Outside of the question of scale, there’s a much simpler issue at play: all other currencies are fiat. Even with Russia’s attempt to soft-peg the ruble to gold, the ruble still has no convertibility to gold. You can’t go to the bank in Russia and exchange your rubles for gold. If that were the case, they would end up with a run on gold, just like the events that caused Nixon to close the gold window for the U.S. in 1971.

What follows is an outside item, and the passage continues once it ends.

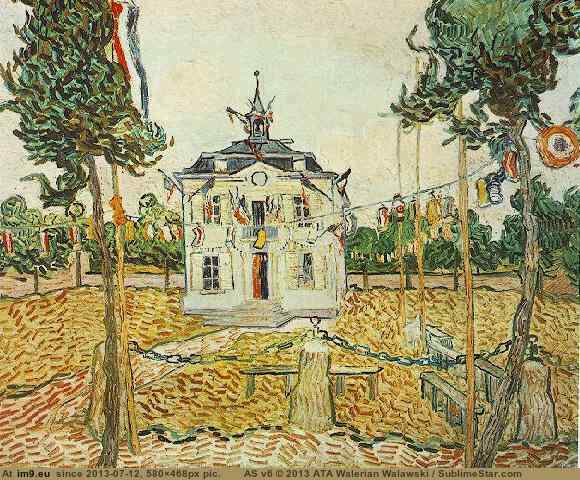 1890 Auvers Town Hall on 14 July 1890 (in Vincent van Gogh Paintings - 1890 Auvers-sur-Oise)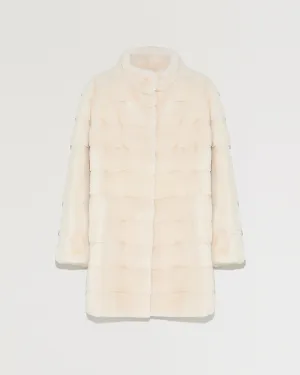 Long mink jacket with collar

Outside of central bank currencies, gold still has its portability and storage problems. While Bitcoin does solve some of gold’s problems, it still hasn’t been widely adopted to come anywhere near challenging the dollar soon. However, we have started to see more and more use cases for Bitcoin recently.
How This Affects You
The dollar has its problems. After fifty years of being untethered to gold, politicians find it easier than ever to stuff budgets with pork projects and extend our military interests further across the globe by printing money. This overextension and currency devaluation marks the decline of every single global power in human history. This means price inflation for us in the near term.
The BRICs countries (Brazil, Russia, India, and China) will likely continue pursuing trade arrangements outside of the dollar system. This will only add to the inflationary pressures we expect to see in commodities over the coming years. Accordingly, we can prepare for higher prices for everyday goods here in the U.S.
While price inflation will be a problem, rumors of the dollar’s death have been greatly exaggerated. For the dollar to lose its reserve currency status, something must exist to take its place. Right now, nothing else fits the bill.